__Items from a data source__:

= = = =

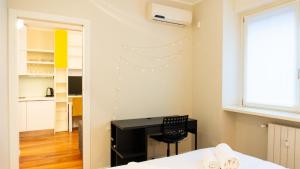 a bedroom with a desk with a chair and a window at Luxury Flat - WiFi, AC, Walk to Brera & Duomo in Milan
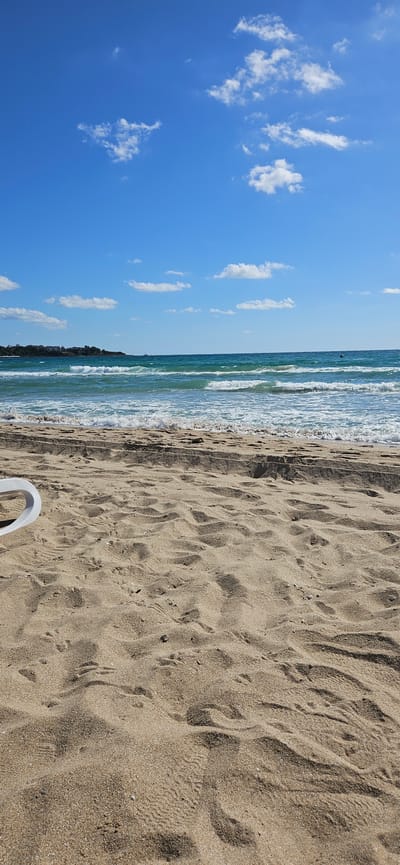 A wide-angle shot captures a serene beach scene in Primorsko, Bulgaria. The foreground is dominated by textured sand, showing footprints and small pebbles. A portion of a white object, possibly a beach chair, is visible on the left side. The middle ground features gentle waves lapping onto the shore, creating white foam. Beyond the water, a distant coastline with buildings and greenery stretches across the horizon. The sky is a vibrant blue, dotted with scattered white clouds. The overall impression is one of a calm, sunny day at the seaside.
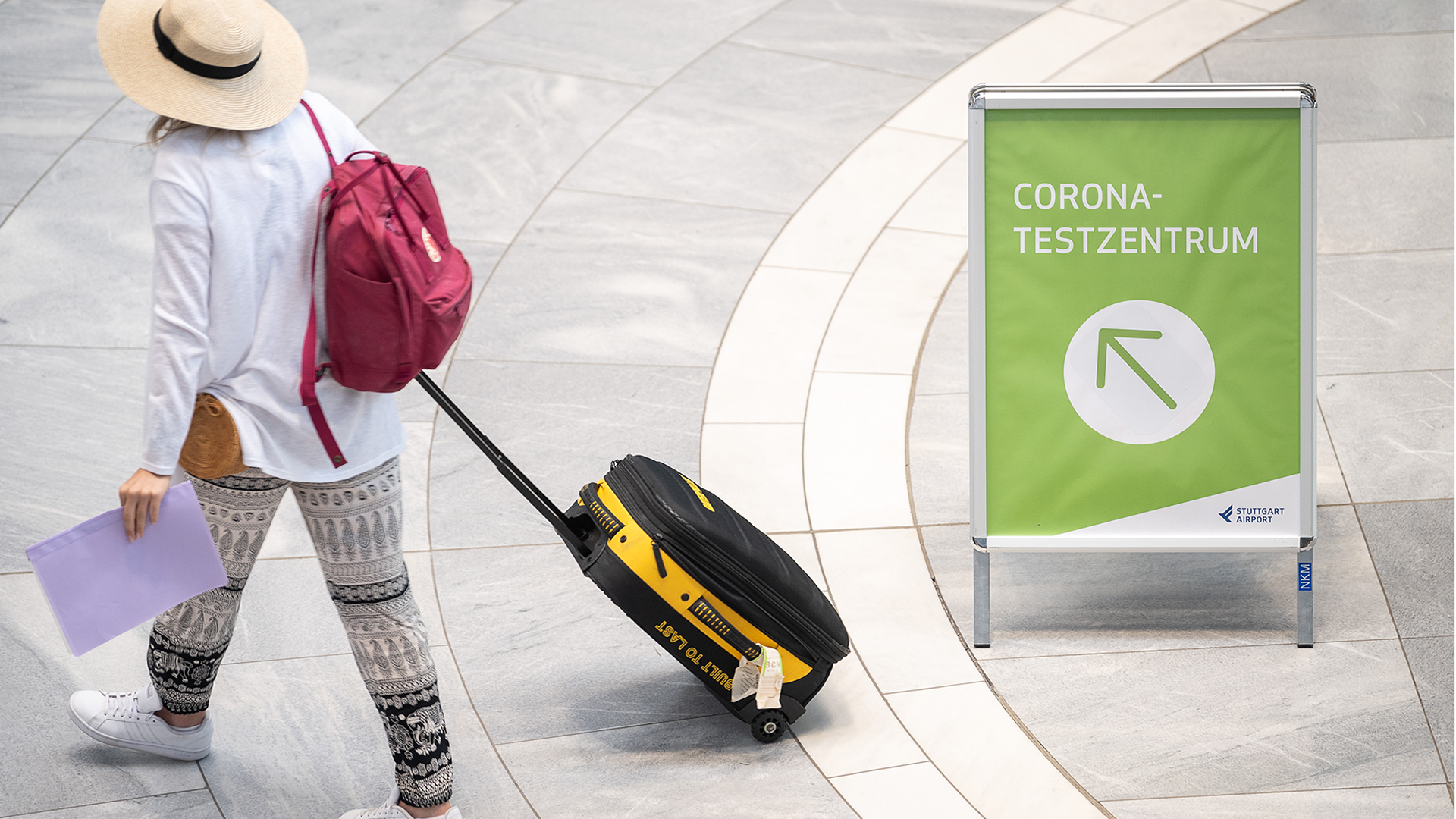 Eine Frau geht an einem Schild am Stuttgarter Flughafen vorbei, auf dem "Corona-Testzentrum" steht.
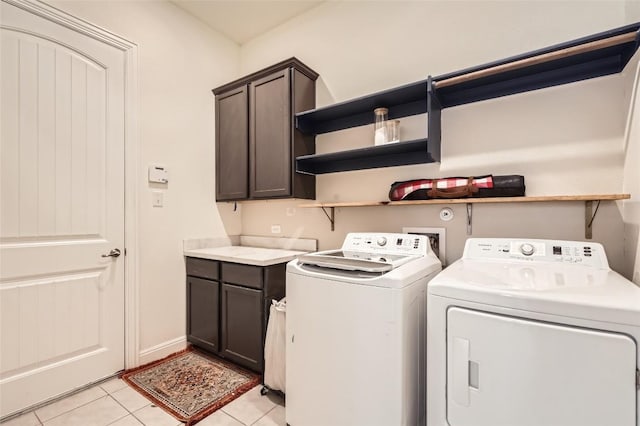 4116 Brean Down Rd, Pflugerville, TX 78660 - laundry area with washing machine and dryer, cabinet space, and light tile patterned flooring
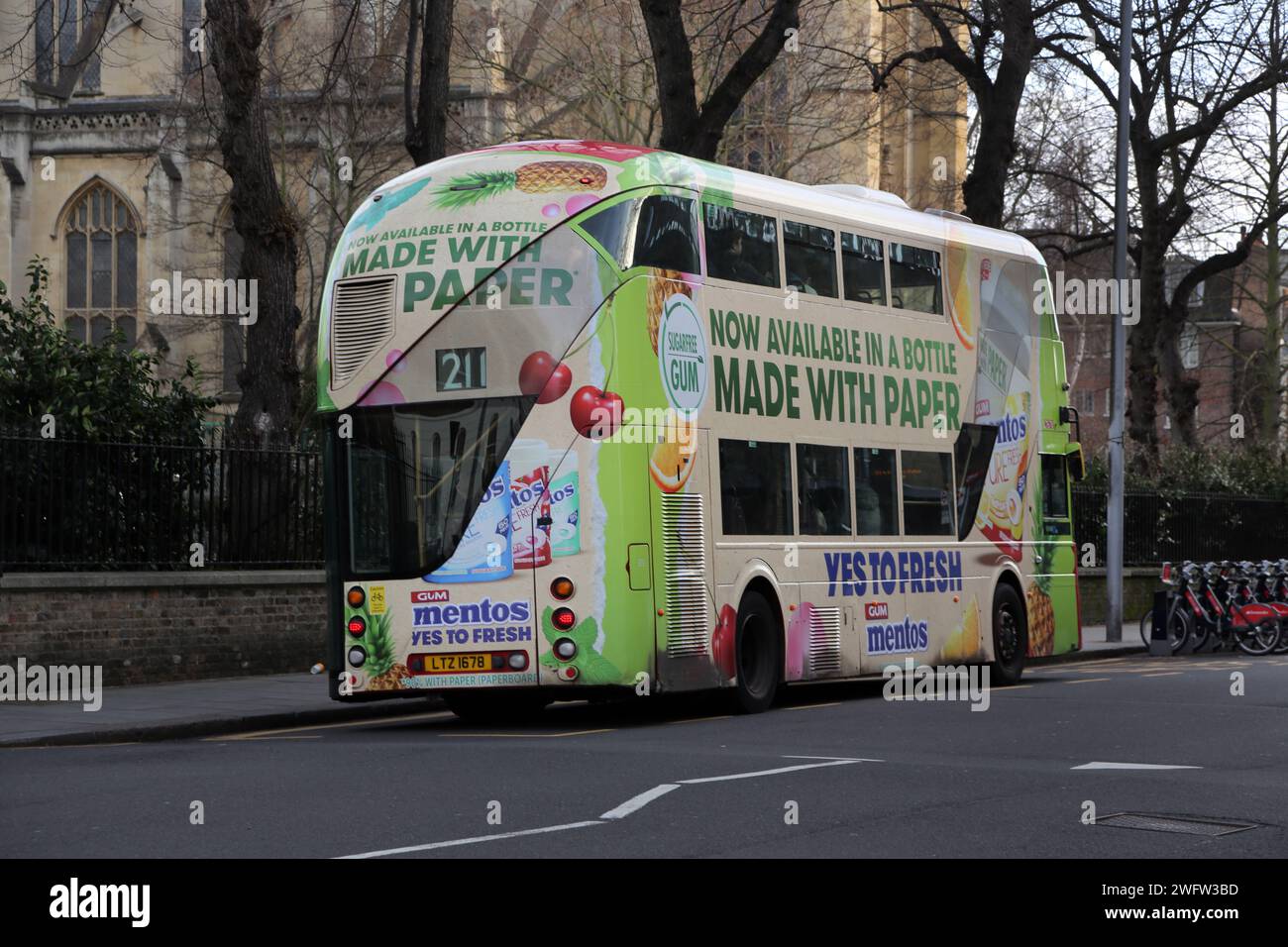 Double Decker Bus with Advertisment for Mentos at Bus Stop on Sydney Street Chelsea London England Stock Photo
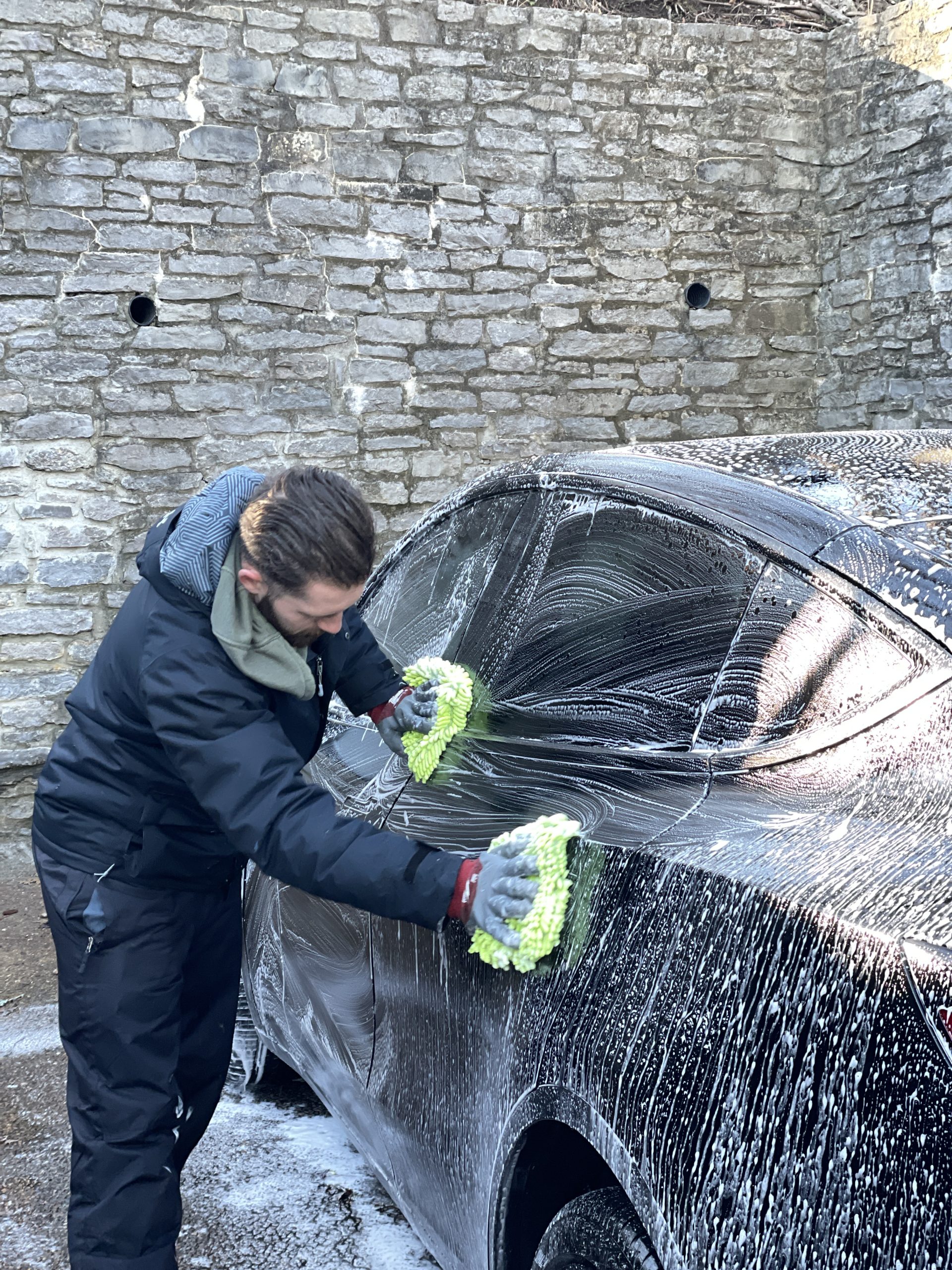 Photo Feb 01 2024, 8 45 57 AM Person in black jacket washes black car with green mitts near stone wall Cody X Pressure Washing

= = = =

__What you need to do__: Copy the records above exactly. The pictures are not part of the copy.

__Task answer__:
 a bedroom with a desk with a chair and a window at Luxury Flat - WiFi, AC, Walk to Brera & Duomo in Milan
 A wide-angle shot captures a serene beach scene in Primorsko, Bulgaria. The foreground is dominated by textured sand, showing footprints and small pebbles. A portion of a white object, possibly a beach chair, is visible on the left side. The middle ground features gentle waves lapping onto the shore, creating white foam. Beyond the water, a distant coastline with buildings and greenery stretches across the horizon. The sky is a vibrant blue, dotted with scattered white clouds. The overall impression is one of a calm, sunny day at the seaside.
 Eine Frau geht an einem Schild am Stuttgarter Flughafen vorbei, auf dem "Corona-Testzentrum" steht.
 4116 Brean Down Rd, Pflugerville, TX 78660 - laundry area with washing machine and dryer, cabinet space, and light tile patterned flooring
 Double Decker Bus with Advertisment for Mentos at Bus Stop on Sydney Street Chelsea London England Stock Photo
 Photo Feb 01 2024, 8 45 57 AM Person in black jacket washes black car with green mitts near stone wall Cody X Pressure Washing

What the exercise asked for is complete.